In Depth Analysis on the Unusual Multistep Aggregation Process of Oligo(ethylene glycol) Methacrylate-Based Polymers in Water

Abstract

Dynamic thermal phase transition behavior of a thermoresponsive copolymer P(MEO2MA-co-PEGMA2080) synthesized by ATRP random copolymerization of 2-(2-methoxyethoxy)ethyl methacrylate(MEO2MA, Mn = 188 g/mol) and poly(ethylene glycol) methyl ether methacrylate (PEGMA, Mn= 2080 g/mol) in D2O was studied by means of infrared spectroscopy in combination with two-dimensional correlation analysis (2Dcos). Because of the absence of strong intermolecular hydrogen bonding interactions between polymer chains and the amphiphilic property of PEGMA2080 with long ethylene glycol segments, this copolymer exhibited an unusual thermally induced multistep aggregation process.

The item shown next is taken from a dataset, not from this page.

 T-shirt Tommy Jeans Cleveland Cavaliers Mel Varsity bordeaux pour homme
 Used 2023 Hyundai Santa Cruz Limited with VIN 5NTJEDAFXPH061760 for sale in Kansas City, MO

In general, the change of hydrophilic side chain takes place before carbonyl groups and backbones during the whole process and thus the driving force of this phase transition process of P(MEO2MA-co-PEGMA2080) should be hydration changes of side chains. 2Dcos was finally employed to discern the sequence order of all the group motions during heating process in different temperature regions. It is concluded that during the phase transition P(MEO2MA-co-PEGMA2080) chains successively experience “unimers–clusters–micelles– aggregates” four consecutive conformation changes.